## RECORDS PROVIDED:
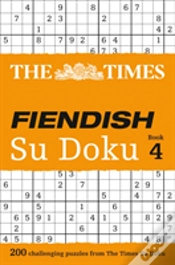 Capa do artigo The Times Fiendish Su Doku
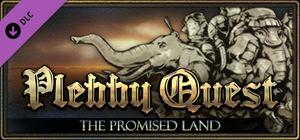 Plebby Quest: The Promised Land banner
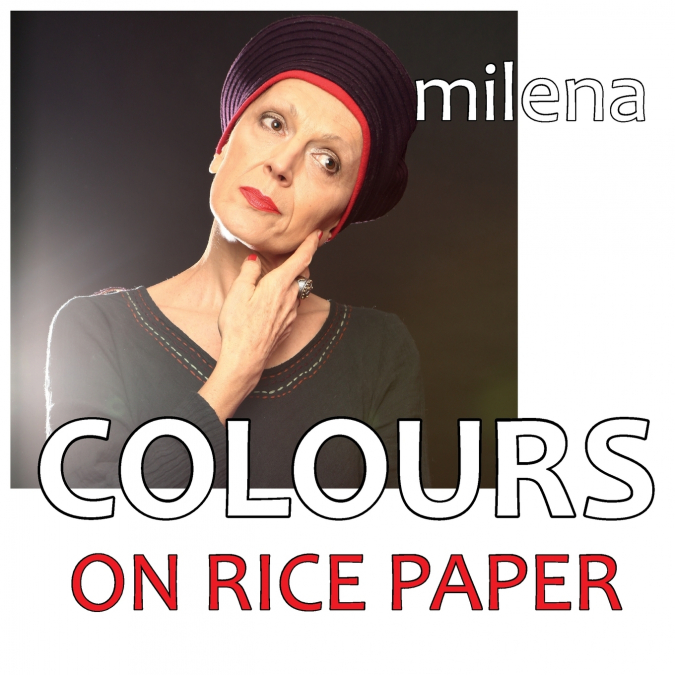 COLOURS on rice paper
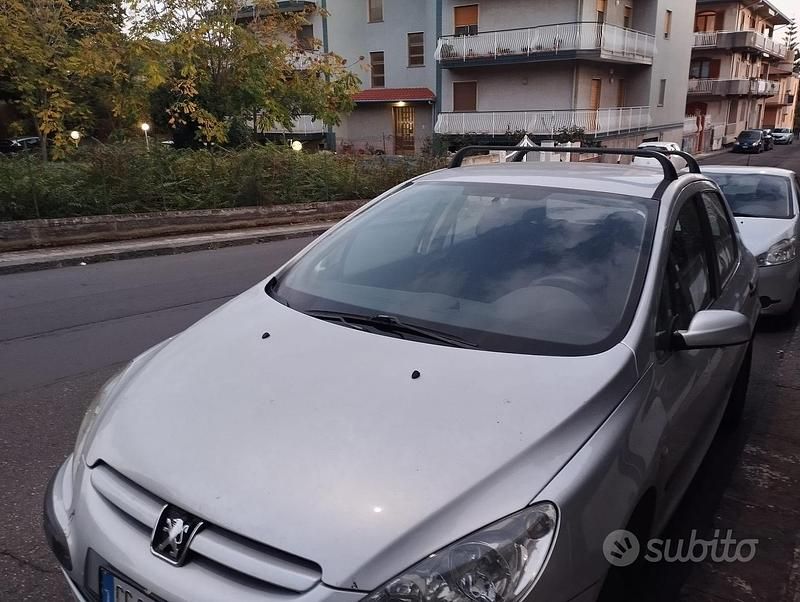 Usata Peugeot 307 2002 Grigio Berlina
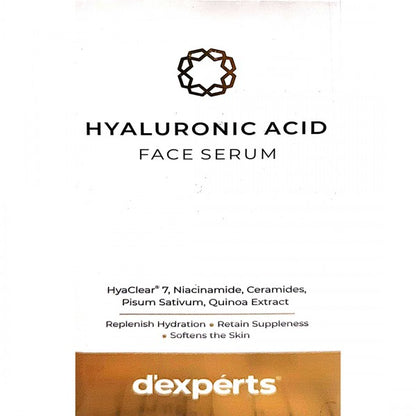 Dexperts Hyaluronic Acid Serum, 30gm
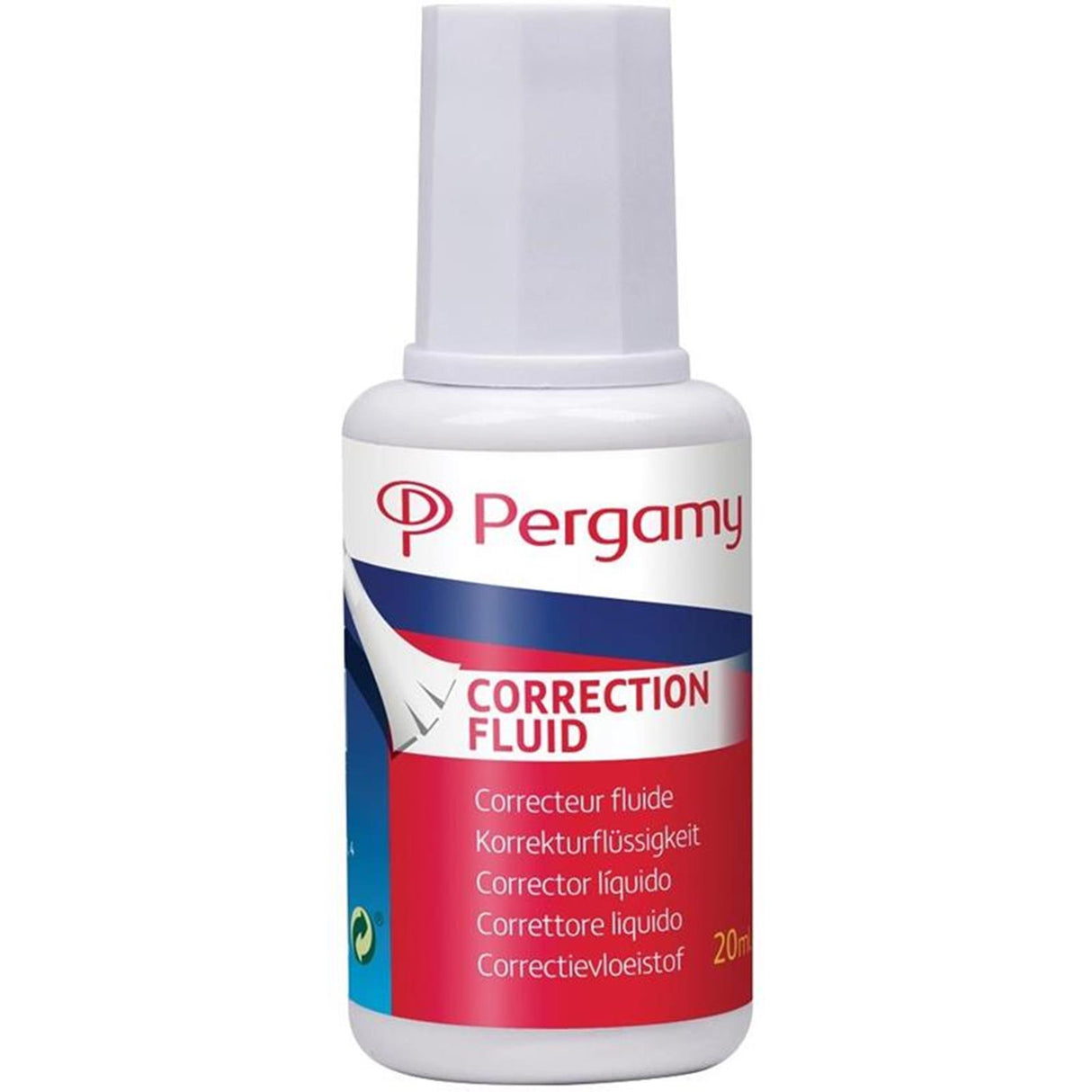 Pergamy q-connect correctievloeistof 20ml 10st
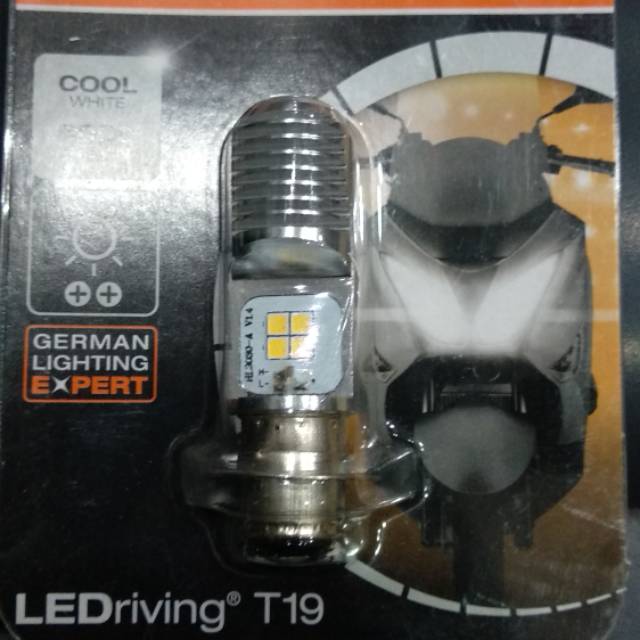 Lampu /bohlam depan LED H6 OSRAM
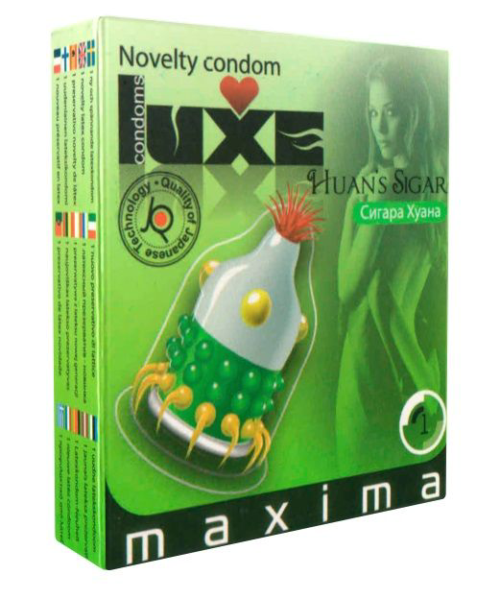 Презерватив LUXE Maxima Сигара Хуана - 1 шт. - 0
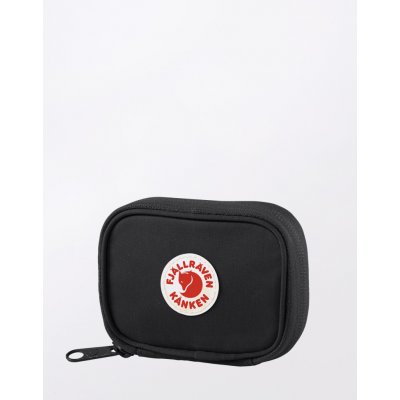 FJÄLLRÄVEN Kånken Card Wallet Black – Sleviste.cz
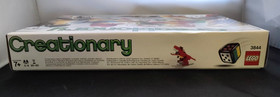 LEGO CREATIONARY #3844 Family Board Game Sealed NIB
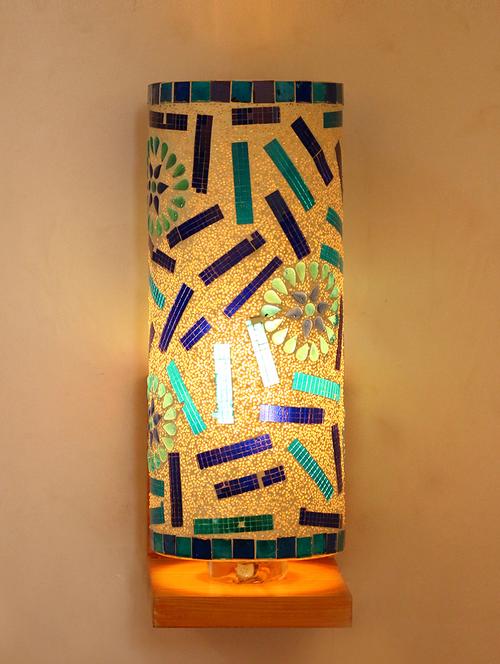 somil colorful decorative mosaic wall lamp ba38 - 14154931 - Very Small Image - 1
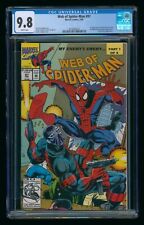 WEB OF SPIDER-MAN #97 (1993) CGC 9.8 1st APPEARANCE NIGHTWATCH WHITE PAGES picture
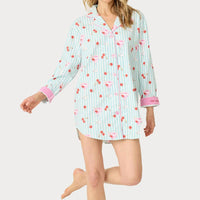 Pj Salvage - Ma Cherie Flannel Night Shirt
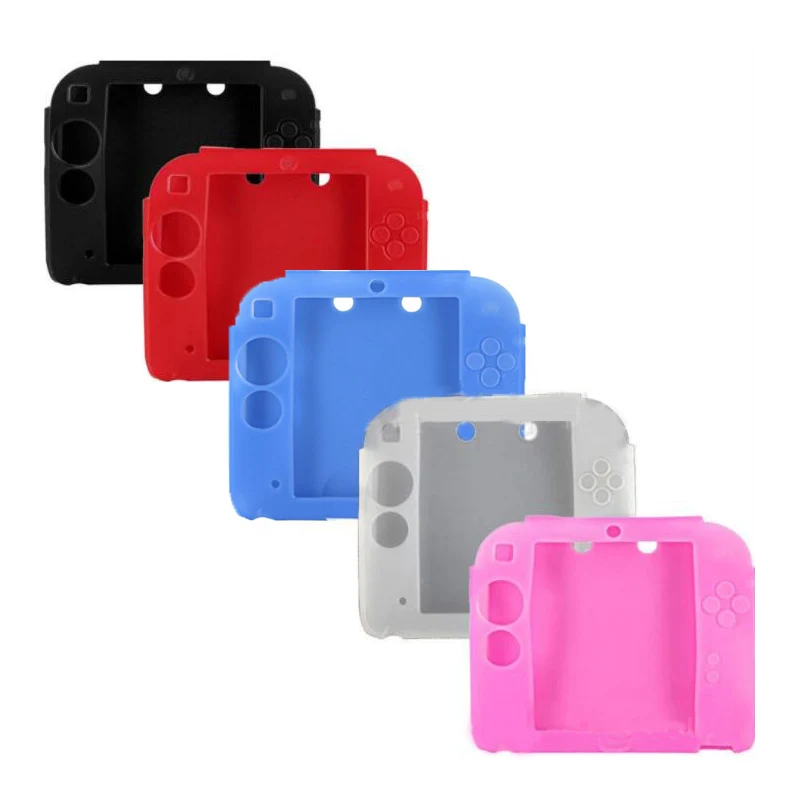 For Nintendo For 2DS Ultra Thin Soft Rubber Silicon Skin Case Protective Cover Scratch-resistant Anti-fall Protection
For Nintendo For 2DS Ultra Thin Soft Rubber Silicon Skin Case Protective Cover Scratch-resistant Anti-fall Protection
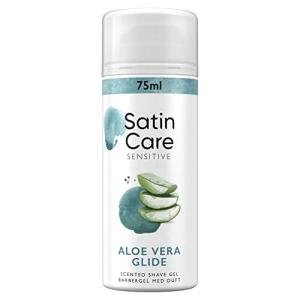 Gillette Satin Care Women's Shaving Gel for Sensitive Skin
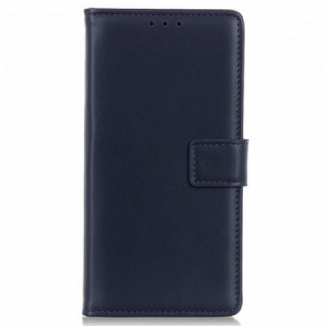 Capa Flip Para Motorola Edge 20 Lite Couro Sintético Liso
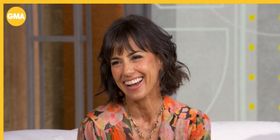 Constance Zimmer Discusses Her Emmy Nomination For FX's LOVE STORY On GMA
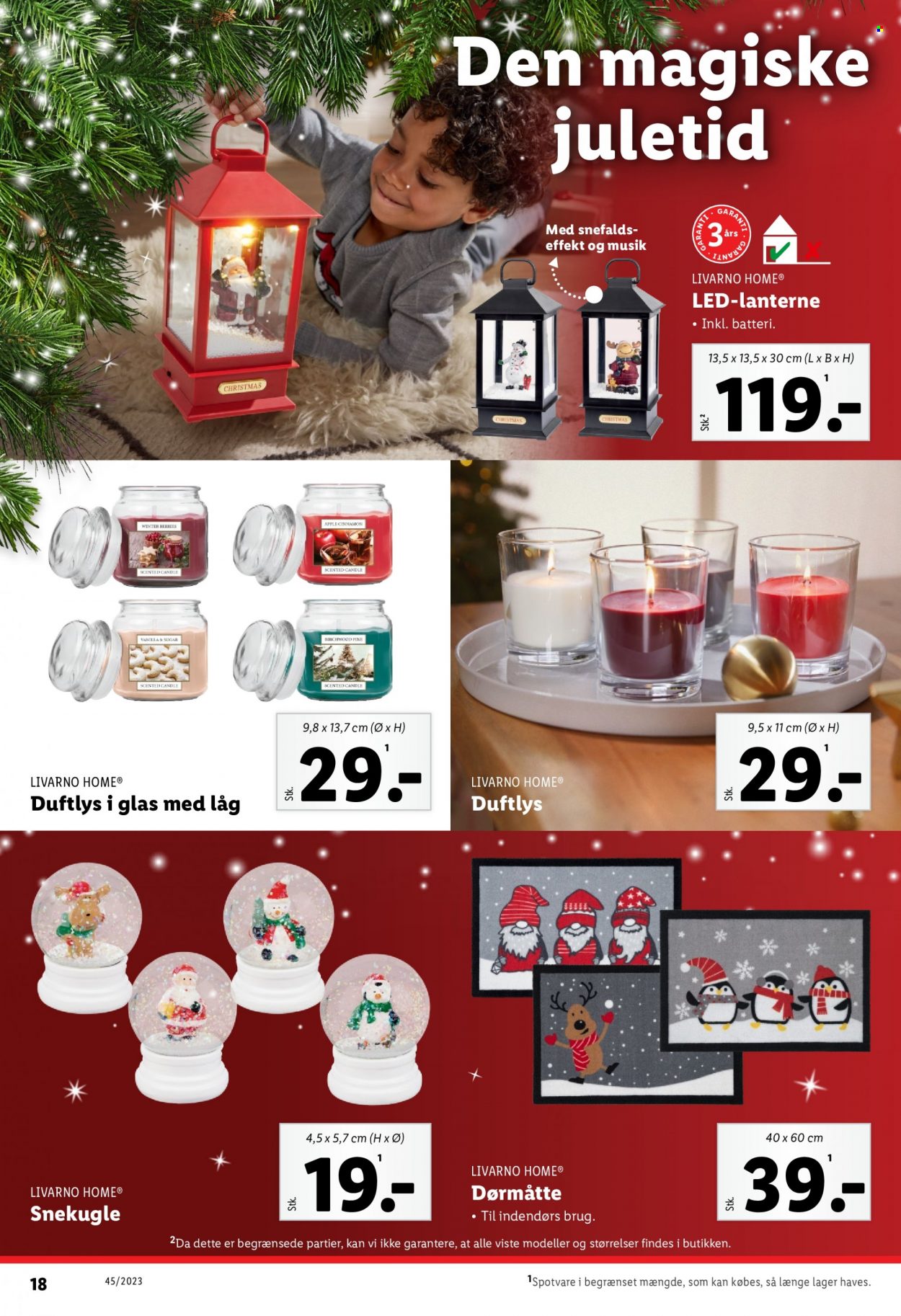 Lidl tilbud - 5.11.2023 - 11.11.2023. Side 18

## WHAT IS BEING ASKED:
Go through the listing above and write it all out exactly, leaving out any picture.

## SOLUTION BELOW:
 Capa do artigo The Times Fiendish Su Doku
 Plebby Quest: The Promised Land banner
 COLOURS on rice paper
 Usata Peugeot 307 2002 Grigio Berlina
 Dexperts Hyaluronic Acid Serum, 30gm
 Pergamy q-connect correctievloeistof 20ml 10st
 Lampu /bohlam depan LED H6 OSRAM
 Презерватив LUXE Maxima Сигара Хуана - 1 шт. - 0
 FJÄLLRÄVEN Kånken Card Wallet Black – Sleviste.cz
 LEGO CREATIONARY #3844 Family Board Game Sealed NIB
 somil colorful decorative mosaic wall lamp ba38 - 14154931 - Very Small Image - 1
 WEB OF SPIDER-MAN #97 (1993) CGC 9.8 1st APPEARANCE NIGHTWATCH WHITE PAGES picture
 Pj Salvage - Ma Cherie Flannel Night Shirt
 For Nintendo For 2DS Ultra Thin Soft Rubber Silicon Skin Case Protective Cover Scratch-resistant Anti-fall Protection
For Nintendo For 2DS Ultra Thin Soft Rubber Silicon Skin Case Protective Cover Scratch-resistant Anti-fall Protection
 Gillette Satin Care Women's Shaving Gel for Sensitive Skin
 Capa Flip Para Motorola Edge 20 Lite Couro Sintético Liso
 Constance Zimmer Discusses Her Emmy Nomination For FX's LOVE STORY On GMA
 Lidl tilbud - 5.11.2023 - 11.11.2023. Side 18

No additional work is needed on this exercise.